The OIF is an industry organisation whose members include telcos, data centre operators, equipment makers and component companies. The OIF undertakes projects that range from high-speed interfaces, optical modules and flexible Ethernet through to programmable interfaces for Transport SDN. Each OIF project culminates in a published Implementation Agreement.
According to David Stauffer, of Kandou Bus and the OIF’s Physical and Link Layer Working Group Chair, the 112G multi-chip module initiative builds on earlier OIF work on a 56-gigabit ultra-short-reach (USR) interface that first addressed die-to-die communication. "We realised that there seems to be more than one application," says Stauffer. "The 112G project is expanded for these applications such that we will possibly end up with different solutions rather than just one."
Multi-chip modules
It was during the 56G USR work that the OIF first heard from members about the challenges of designing a system-on-chip and the idea of taking functions off-chip. High-capacity Ethernet switch chips, for example, are becoming so complex that future designs will not be able to support the long-reach serialisers-deserialisers (SerDes) circuits used for input-output due to the resulting design exceeding the chip's power constraints. “They [chip makers] were starting to think about offloading functions such as SerDes from the system-on-chip,” says Stauffer.

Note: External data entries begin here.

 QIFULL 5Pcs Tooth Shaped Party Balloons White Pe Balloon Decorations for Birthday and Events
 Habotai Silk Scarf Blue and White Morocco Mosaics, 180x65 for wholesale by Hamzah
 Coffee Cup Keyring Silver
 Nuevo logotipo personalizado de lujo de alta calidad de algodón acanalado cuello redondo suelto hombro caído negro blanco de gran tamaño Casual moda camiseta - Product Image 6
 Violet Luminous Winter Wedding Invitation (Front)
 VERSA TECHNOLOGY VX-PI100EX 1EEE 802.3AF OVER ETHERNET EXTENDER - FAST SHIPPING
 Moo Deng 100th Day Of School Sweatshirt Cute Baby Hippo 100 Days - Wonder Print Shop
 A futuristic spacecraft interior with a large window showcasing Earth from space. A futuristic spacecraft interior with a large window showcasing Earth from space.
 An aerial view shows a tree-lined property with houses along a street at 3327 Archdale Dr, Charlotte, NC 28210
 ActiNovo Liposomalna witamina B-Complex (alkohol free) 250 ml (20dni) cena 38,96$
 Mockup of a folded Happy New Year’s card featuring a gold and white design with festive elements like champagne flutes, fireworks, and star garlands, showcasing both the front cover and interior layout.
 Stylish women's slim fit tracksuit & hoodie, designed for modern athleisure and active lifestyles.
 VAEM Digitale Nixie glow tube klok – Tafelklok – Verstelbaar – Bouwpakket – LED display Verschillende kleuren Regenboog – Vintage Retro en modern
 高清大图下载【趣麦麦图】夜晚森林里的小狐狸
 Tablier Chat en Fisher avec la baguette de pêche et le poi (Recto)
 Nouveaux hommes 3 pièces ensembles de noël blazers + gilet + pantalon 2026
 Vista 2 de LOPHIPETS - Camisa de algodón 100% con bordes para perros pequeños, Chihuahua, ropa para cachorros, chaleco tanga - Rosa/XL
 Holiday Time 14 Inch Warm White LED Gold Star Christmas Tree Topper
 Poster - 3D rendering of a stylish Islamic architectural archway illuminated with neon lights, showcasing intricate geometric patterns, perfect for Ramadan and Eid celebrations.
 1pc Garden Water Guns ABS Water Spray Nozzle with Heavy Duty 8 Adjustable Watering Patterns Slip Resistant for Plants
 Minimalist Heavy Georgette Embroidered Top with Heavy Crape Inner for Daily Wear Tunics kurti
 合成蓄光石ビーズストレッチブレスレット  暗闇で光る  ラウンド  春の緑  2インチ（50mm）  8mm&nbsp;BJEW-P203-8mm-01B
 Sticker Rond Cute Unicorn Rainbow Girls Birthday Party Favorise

State-of-the-art chip designs can also include functions that occupying significant die area. “To better optimise chip and system costs, people are starting to think about the concept of breaking up the system-on-chip into multiple chips that are better optimised for cost and yield,” says Stauffer. He cites as an example a next-generation system-on-chip that interfaces to long-reach SerDes or optics, performs sensor processing and has significant on-board logic.
David StaufferThe logic functions of such a chip are best implemented using an advanced 7nm CMOS process, yet SerDes design are not implemented in 7nm and won't be for some time yet. In turn, the sensor array may not even be implemented using a logic process. And if the logic circuitry occupies a significant die area, it may be more economical to split the logic into two chips, each of which will yield better. “Then I have a need for all these interfaces between these chips,” says Stauffer,
He stresses that the interfaces are split based on the the type of technology and on the size of the individual dies; the dies are not partitioned to minimise the bandwidth between them. This can result in significant bandwidth - terabits of capacity - between chips in the module. And to be cost-effective, the interfaces must be very low power.
Accordingly, interfaces between two logic chips or the logic function and the sensor array can require high bandwidth whereas interfaces to the SerDes may be a single lane and have different requirements in how it is clocked. “So there is some divergence in what may be the requirements,” says Stauffer. “The multi-chip module project allows for the fact that we may end up with two solutions.”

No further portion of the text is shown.